__Given information__.
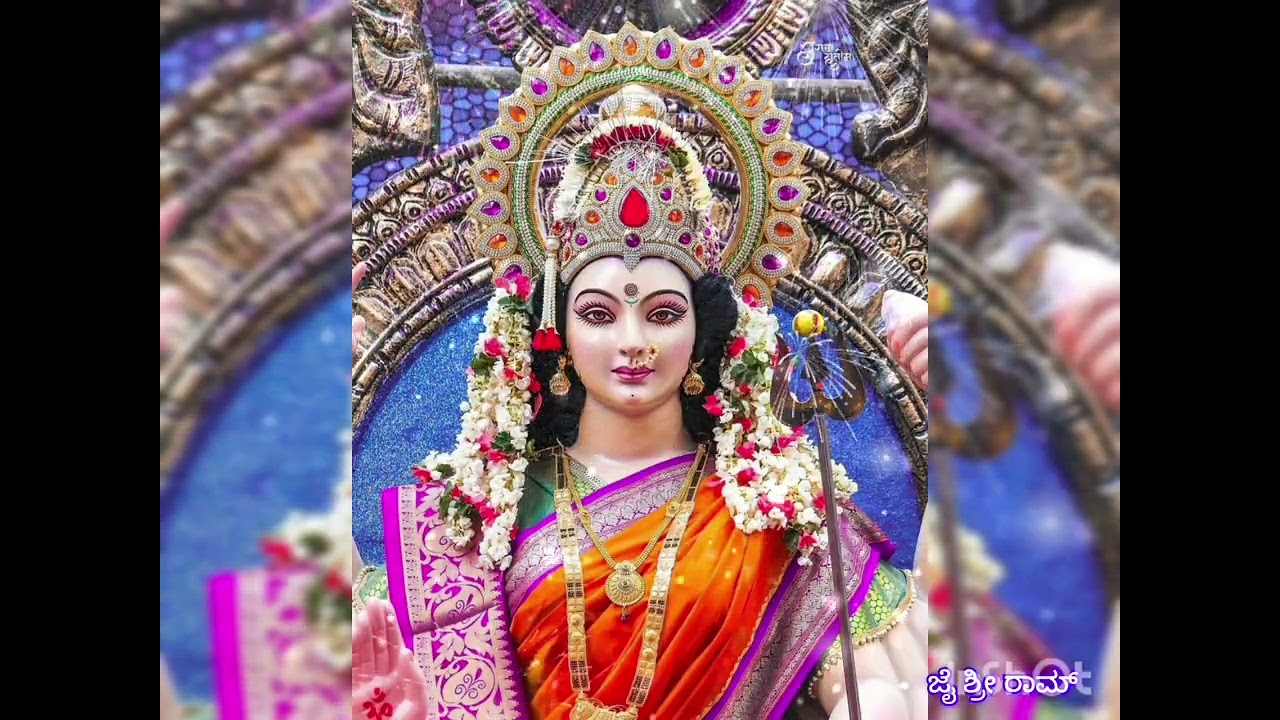 ಎಲ್ಲರೂ ದಸರಾ ಹಬ್ಬಕ್ಕೆ  ಆಗಮಿಸಿ, ಸಂಭ್ರಮಿಸಿ... ನಮ್ಮ ದಸರಾ ಹಬ್ಬಕ್ಕೆ  ಸ್ವಾಗತ ಸುಸ್ವಾಗತ 🙏🙏🙏🙏💕💕💕💕💕💕🎂🎂🎂🎂🎂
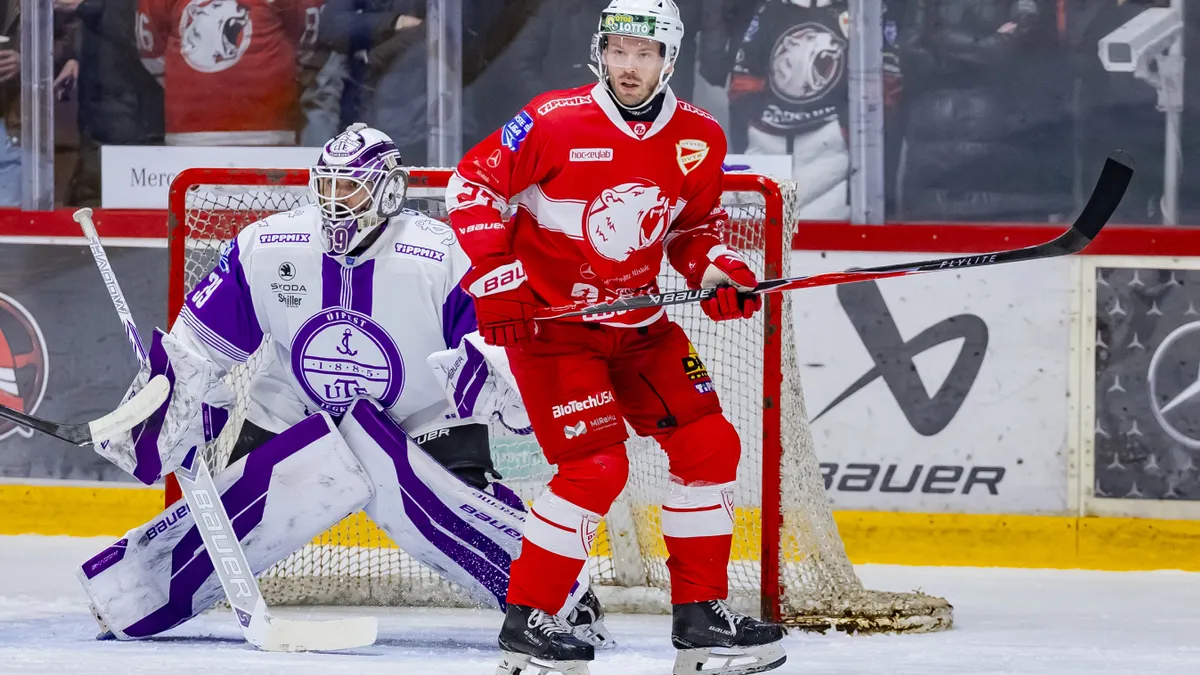 Erste Liga: kapott gól nélkül nyert az Újpest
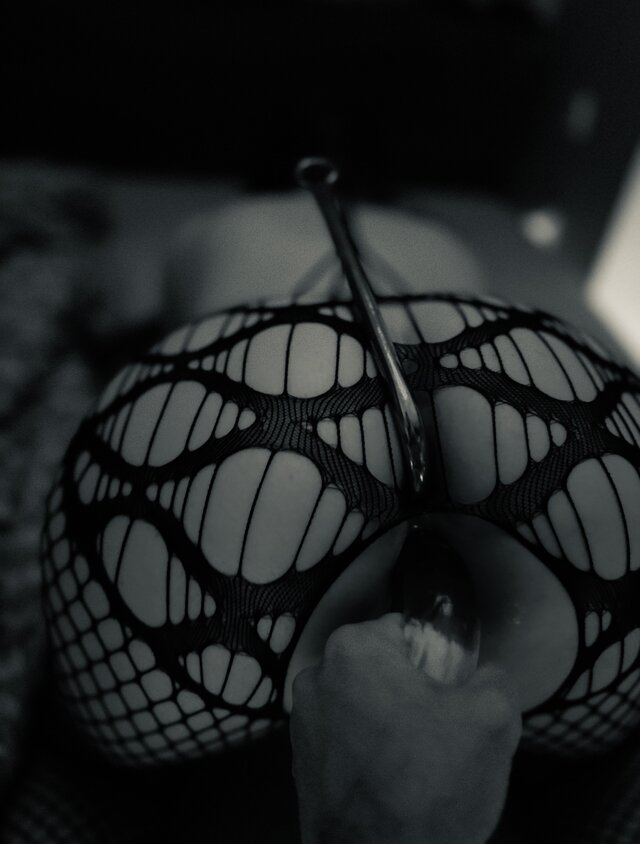 Kris_and_Damn_in_the_car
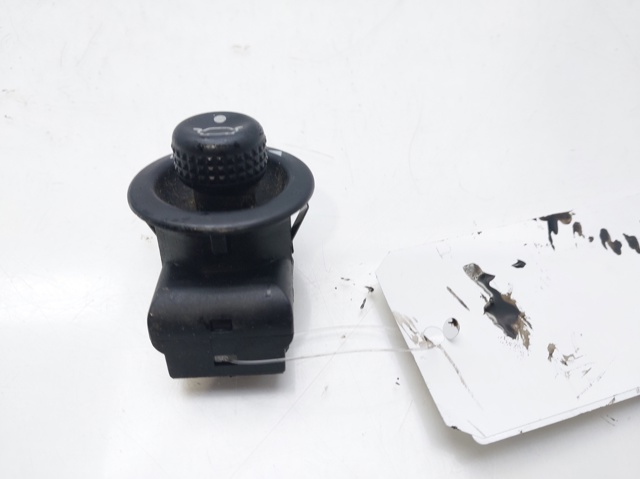 1S7T17B676AA Ford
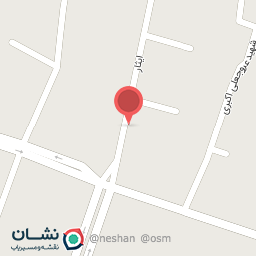 عکس آپارتی سعیدیان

__Task to complete__. Print the lines from the line containing "Erste Liga: kapott" through the last line of the listing, exactly as they stand, and leave any pictures out.

__Answer area__.
 Erste Liga: kapott gól nélkül nyert az Újpest
 Kris_and_Damn_in_the_car
 1S7T17B676AA Ford
 عکس آپارتی سعیدیان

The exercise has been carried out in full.